Today I have a new story published in Issue #6 of Tincture Journal: The Cicada Clock.
My story, The Cicada Clock also seems to have inspired the front cover.
I also get to share the Table of Contents with Brisbane-based authors I know, Stacey Larner and Tiggy Johnson.
From the Tincture Journal website:
Issue Six of Tincture Journal is available now. To celebrate the launch of this issue, an interview between Stuart Barnes and poet Stu Hatton is now freely available on our website along with the rest of our interview series. Inside the issue you can also find Stuart’s interview with Nathanael O’Reilly.
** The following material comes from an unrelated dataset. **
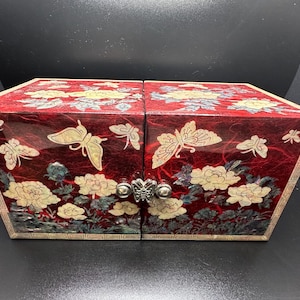 Gorgeous Handmade Red Mother of Pearl Inlay Korean Jewelry Box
Both of these poets have new books being released this year and we are very excited to be featuring their poetry and the accompanying interviews.
Table of Contents
- Editorial, by Daniel Young
- Inferior Bedrooms, Part Six, by Meg Henry
- The Horror of the Body, by Sam van Zweden
- Waiting, by Tiggy Johnson
- The Interesting People of Mount Kiliminjaro, by Stephen Koster
- Christian Girls, by Nathanael O’Reilly
- I Was Not Like the Other Kids, by Nathanael O’Reilly
- Nathanael O’Reilly interviewed by Stuart Barnes
- The Cicada Clock, by Adam Byatt
- Spash, by Les Wicks
- Carnival, by Beau Boudreaux
- Rain of Ashes, by Rhys Timson
- It’s a Marilyn Free-For-All, by John Grey
- The Man Who Killed James Dean, by Sam Ferree
- Back to Front, by Nathan Hondros
- Memory, by Andrew Hutchinson
- hail the goer, by Stu Hatton
- i sit unfinished in breath-, by Stu Hatton
- A Look of Revelation, by Deborah Guzzi
- The Favour, by Annette Siketa
- Circles, by w.m.lewis
- Only After School, by Anna Ryan-Punch
- Mrs Fernandez, by Su-May Tan
- The Happy Mule, by Frank Scozzari
- Proximity, by S. G. Larner
- White Noise, by Eleanor Talbot
- It’s An Adventure If You Want It To Be, by Calista Fung
I hope to post a review of the issue next week; I’ve already read a few pieces and there is some amazing work.
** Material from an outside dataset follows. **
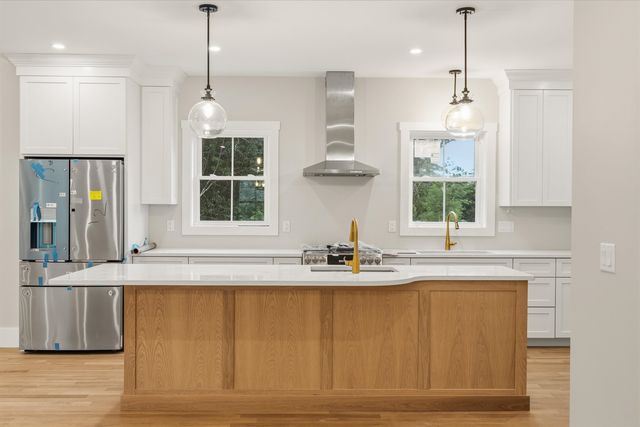 42 Canterbury Road, Pelham, NH 03076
Can I please encourage you, if you are a reader, to support small literary magazines whenever you can as they are vital in building our literary culture. A copy will only set you back $8 (and back issues are only $5). There is a wealth of reading material in a superb range of short stories, poetry and interviews.
But a bit of background to the story (and no spoilers).
I wrote the story in January when on holidays on the beach in Brunswick Heads, just north of Byron Bay in New South Wales, Australia.
I forget which book I was reading (I was working through three) but it had a line about cicadas and the image stuck. I began the story on my iPad, throwing down scenes and ideas about two childhood friends in their final year of primary school, prior to starting “big school” the following year. It is set in the late 80s, a time of nostalgia for me (but it’s not autobiographical).
It took a while to find the focus of the story, utilising the cicada as a metaphor of adolescent metamorphosis, framed by school as the awkward ground of burgeoning adolescence and puberty, mixed with the innocent acceptance of life as it is and a burgeoning awareness of sexuality.
I made the conscious decision to write this story in a different style; to forgo my usual poetic, flowery prose and instead strip it back to bare, almost minimalistic sentences. I have a tendency to use imagery prolifically in my stories; here I pared it back to single images or none at all. Instead I wanted the action and dialogue to create the characters, setting, thematic focus and subtext of the narrative. It was to mimic the headspace of the pre-teen protagonists, letting the story unfold through their eyes.
I hope I can encourage you to purchase Issue Six of Tincture Journal, support literary magazines and enjoy the literary delights.